The extended benefits were enacted in 2008 during the nation’s economic free-fall. It provided insurance to those searching for work for up to 99 weeks. That benefit expired on Dec. 28.
Democrats fell one vote short of the 60 needed to break a GOP filibuster. Four Republicans — Sen. Dean Heller, of Nevada, Sen. Kelly Ayotte, of New Hampshire, Sen. Lisa Murkowski, of Alaska, and Sen. Susan Collins, of Maine – joined with all the chamber’s Democrats and the two independents. The final vote was 58-40 with Reid switching his vote at the end for procedural reasons, allowing him to call it up again in the future.
Reid offered to pay the bill’s tab through a process known as “pension smoothing” — changing the rules about how much companies must contribute to their employees’ pension funds, resulting in a gush of money. It also offered a proposal from Sen. Tom Coburn (R-Okla.) intended to prohibit those with gross income exceeding $1 million in the preceding year from receiving unemployment benefits. Regardless, Coburn opposed the measure.
Some Republicans continue to try to find a way out of the situation. Portman and Sen. Dan Coats (R-Ind.) offered an amendment Tuesday that they claim would pay for a three-month extension while reforming the program.
The Portman-Coats proposal prohibits overlapping payments for unemployment insurance benefits and Social Security disability benefits and reforms the program by strengthening existing requirements to ensure unemployment benefits are going to individuals actively trying to return to the labor force. The package would prohibit individuals from receiving Emergency Unemployment Compensation benefits if they fail to accept any offer of suitable work.
“We should pay for that extension so as not to add to our record debt and we should include reforms that connect the unemployed with the jobs that are available,” said Portman, director of the Office of Management and Budget under former President George W. Bush. “Our amendment is a reasonable solution based on bipartisan proposals to pay for an extension of emergency unemployment insurance benefits and reform the program so it works for the American people.”

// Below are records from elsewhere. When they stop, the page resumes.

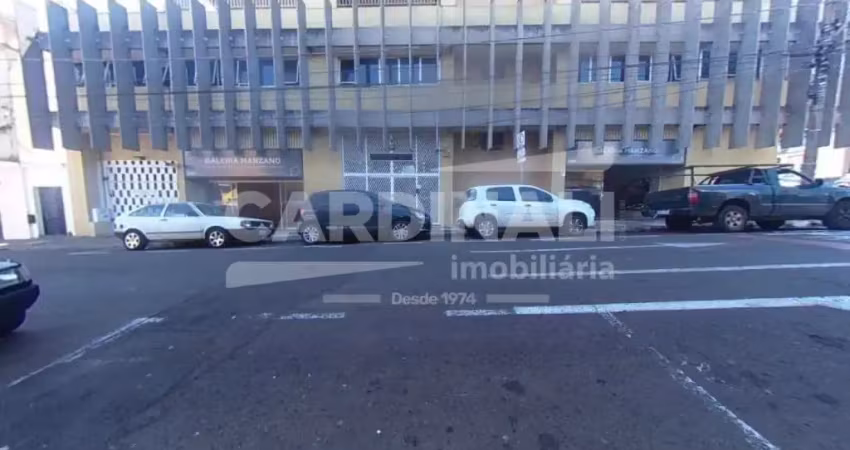 Apartamento com portaria 24 horas de dois dormitórios com 2 banheiros e uma vaga de garagem.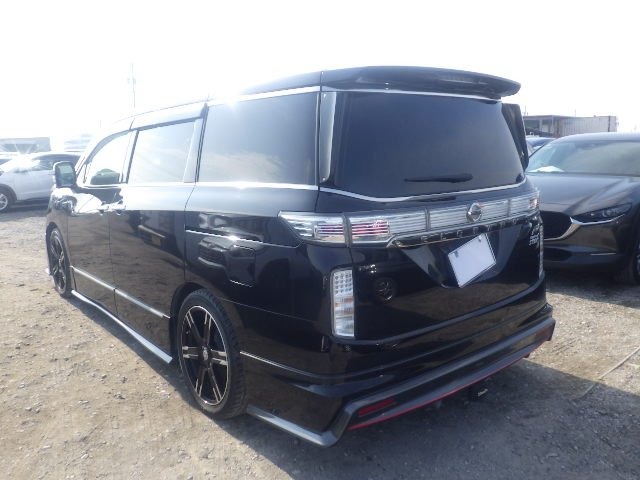 Used Nissan Elgrand 2014 for sale - 76829616: Photo 8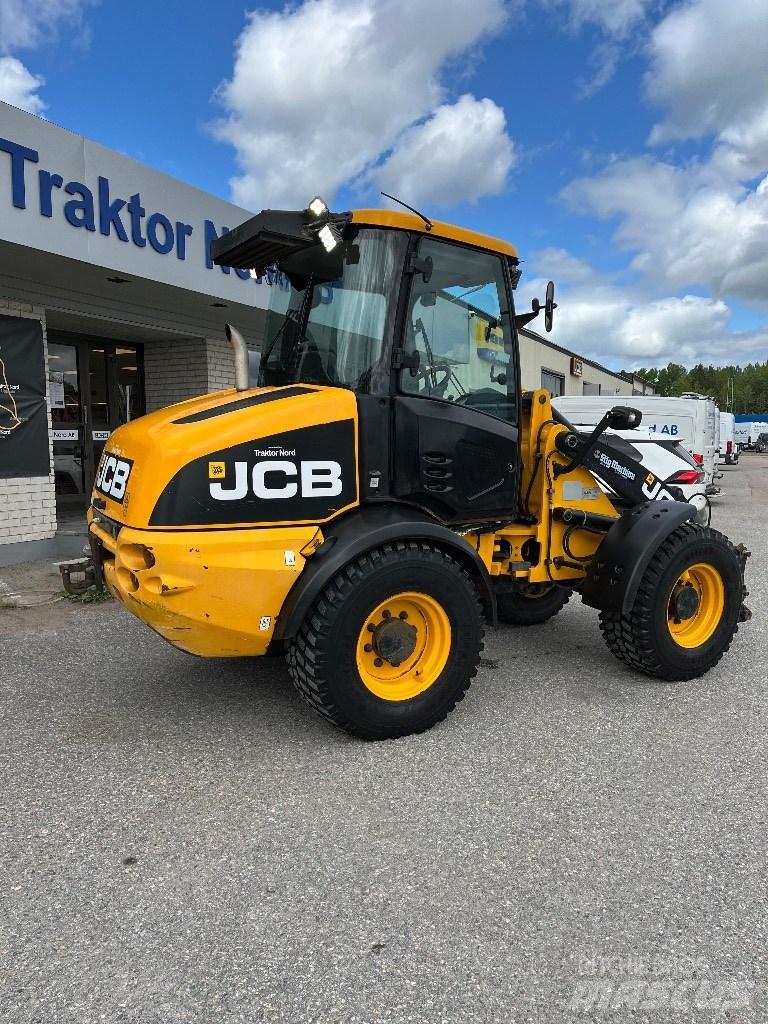 JCB 409 B 40km/h Iekrāvēji uz riteņiem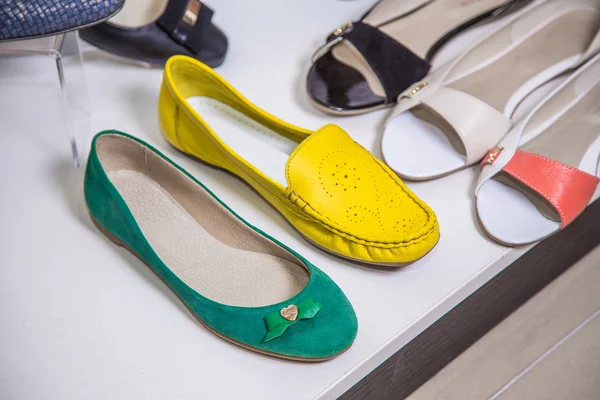 Chaussures femmes mocassins en daim coloré élégant — Photo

But Reid accused Republicans of utilizing “obstruction and delay tactics” against “1.7 million Americans who lost their jobs through no fault of their own.”
“Every single Democratic senator voted for this bill. Four reasonable Republicans voted with us to restore benefits that boost our economy and provide a lifeline for out-of-work Americans,” Reid said. “But we are still one Republican vote shy. And when 1.7 million struggling Americans fall short on the rent, skip meals to save cash or turn down the thermostat on freezing days, they will know who to blame.”
Reid said Democrats “will not stop pushing to restore emergency unemployment insurance. And in the weeks to come we will vote again on this important issue. In the meantime, I hope my colleagues across the aisle will think long and hard about their unsustainable position on this issue – a position that hurts middle-class families.”